Lina Khan’s Failed FTC Experiment

Bad management, poor strategy and disregard for norms have foiled her plan to refashion antitrust law.

Photo Credit: Getty

President Biden has embraced modern progressivism and ditched his liberal economic-policy inheritance. Nowhere is this more striking than in competition policy—the past 40 years of which, Mr. Biden says, have been a failed experiment. His complaint is the consumer-welfare standard, the nearly half-century bipartisan consensus that competition policy should be judged by whether consumers benefit from a given arrangement.

Today’s Democrats aren’t the first to argue that the Federal Trade Commission, now led by Lina Khan, needs drastic change. New leadership after the 1968 and 1980 elections argued the same. In a recent analysis for the Competitive Enterprise Institute, we compared Ms. Khan’s tenure with her predecessors’ from those two eras. The contrast is revealing.

The first era, beginning in 1970, dramatically reformed the FTC but went astray when its leaders ignored counsel from economists and judges. This included transforming the commission’s mission from providing rules of the road to attempting substantively to reshape the economy. The second era, beginning in 1981, returned the agency to its productive but more modest purpose and began the 40 years Mr. Biden decried.

By 1970, the commission had been universally vilified for underperforming. Critics often referred to it as the little old lady of Pennsylvania Avenue. By 1981, it was overreaching so much that critics labeled it the “national nanny.” In the following 40 years, the commission charted a new course and became widely respected as an international competition agency. Mr. Biden’s administration has taken it in yet another direction.

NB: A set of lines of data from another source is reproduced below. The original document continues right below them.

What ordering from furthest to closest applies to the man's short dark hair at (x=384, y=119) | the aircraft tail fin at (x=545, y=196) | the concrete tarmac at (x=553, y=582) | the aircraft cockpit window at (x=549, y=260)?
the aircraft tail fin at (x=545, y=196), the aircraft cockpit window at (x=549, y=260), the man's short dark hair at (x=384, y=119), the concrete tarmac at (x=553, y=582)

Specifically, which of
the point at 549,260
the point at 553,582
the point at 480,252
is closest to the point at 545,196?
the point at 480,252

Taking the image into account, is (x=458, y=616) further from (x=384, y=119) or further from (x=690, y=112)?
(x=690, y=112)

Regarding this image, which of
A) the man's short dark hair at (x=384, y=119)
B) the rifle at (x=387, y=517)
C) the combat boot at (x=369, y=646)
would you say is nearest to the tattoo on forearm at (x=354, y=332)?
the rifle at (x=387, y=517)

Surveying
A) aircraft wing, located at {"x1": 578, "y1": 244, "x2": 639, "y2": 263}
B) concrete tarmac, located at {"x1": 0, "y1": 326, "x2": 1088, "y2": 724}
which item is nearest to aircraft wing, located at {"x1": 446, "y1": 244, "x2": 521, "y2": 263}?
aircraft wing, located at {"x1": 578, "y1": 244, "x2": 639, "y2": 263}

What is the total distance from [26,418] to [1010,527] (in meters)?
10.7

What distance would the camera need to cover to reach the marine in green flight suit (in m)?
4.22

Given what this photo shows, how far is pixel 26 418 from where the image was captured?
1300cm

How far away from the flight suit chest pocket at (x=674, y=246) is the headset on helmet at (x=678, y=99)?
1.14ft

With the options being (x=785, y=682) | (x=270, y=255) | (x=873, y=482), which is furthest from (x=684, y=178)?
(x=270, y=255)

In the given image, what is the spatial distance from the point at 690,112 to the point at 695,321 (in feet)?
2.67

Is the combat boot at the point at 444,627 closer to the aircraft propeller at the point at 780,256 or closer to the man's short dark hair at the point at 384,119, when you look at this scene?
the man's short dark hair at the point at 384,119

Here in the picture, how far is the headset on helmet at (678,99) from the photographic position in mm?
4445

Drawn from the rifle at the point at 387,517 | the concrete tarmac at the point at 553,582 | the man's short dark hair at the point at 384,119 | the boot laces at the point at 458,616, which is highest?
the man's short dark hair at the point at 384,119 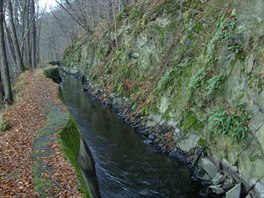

Leaders who want to make significant changes within the federal government are typically advised to deal carefully with career civil servants, the staff tasked with implementing the administration’s goals. Ms. Khan’s team has evidently thought little of such tact. Less than a week on the job, she ordered the commission’s staff to cancel all public appearances until further notice. Former Commissioner Rohit Chopra—a Khan ally, whose staff she chose for top agency jobs—openly aired his contempt for FTC staff, at times calling the commission a “backwater,” “lax” and “feckless.”

Such antagonism may stem from the belief that career staff would resist progressive change. Perhaps that’s why Ms. Khan was slow to engage with many of the commission’s most senior career staff on taking office. The staff have appeared to return the favor: In the Office of Personnel Management’s annual survey of employees, in 2020 the FTC performed best among comparable agencies when respondents were asked whether they have a high level of respect for their senior leaders—and whether such leaders “maintain high standards of honesty and integrity.” In 2021, the agency was the worst.

Ms. Khan assumed her position with ambitious goals. So far, however, she has lacked the careful planning her predecessors enlisted when they undertook similarly bold plans. New York magazine quoted a former official who said that Ms. Khan “came in with a bunch of answers . . . but no actual strategy” to achieve her goals given the commission’s legal authority and resources.

Part of that objective has been to restrain what Ms. Khan and her allies consider to be the excessive power of America’s major corporations. Achieving that aim is nearly impossible under existing law. Yet we see no evidence that the commission is adopting the brick-by-brick approach the 1980s-era FTC leadership took to win over the judiciary and realize its goals.

Rather than engage in careful legal research to effect transformation in the law, the commission has rushed into court and lost two of its most prominent merger cases. The FTC has sought to rewrite its procedures for rulemaking and recently promulgated one, to ban noncompete agreements, for which it likely lacks necessary authority.

Despite these defeats, the commission has plowed ahead. The FTC has sought to create disincentives to merge by increasing the cost and uncertainty of required preconsummation merger filings. The FTC investigates only 14% of proposed mergers and challenges 2%. It has proposed to increase the information required for all filings—even though the majority aren’t worth investigating.

The FTC has persisted in relentless norm-busting, beginning with Mr. Biden’s designating Ms. Khan as chair immediately after she was confirmed as a commissioner—without telling the Senate he intended to do so. It continued by limiting information available to minority commissioners, companies under investigation and Congress. Further, according to a designated agency ethics official, Ms. Khan became the first agency employee to ignore the advice that she recuse herself from participating in a specific party matter owing to “appearance or other federal ethics grounds.” Before joining the commission Ms. Khan had opined that Meta, one of the parties to a challenged merger, should be denied such acquisitions. She chose to participate anyway, and members of the commission sought to conceal her disregard for ethical guidance.

Norms are essential, particularly when people with strong but different opinions must work together. When they are undermined, so too are social and professional cohesion. Such is the case at Ms. Khan’s FTC. While the commission is certainly active, promulgating rules and filing lawsuits, the painstaking organization and planning necessary to make its efforts permanent are nowhere to be found. As legendary basketball coach John Wooden said, “Never mistake activity for achievement.”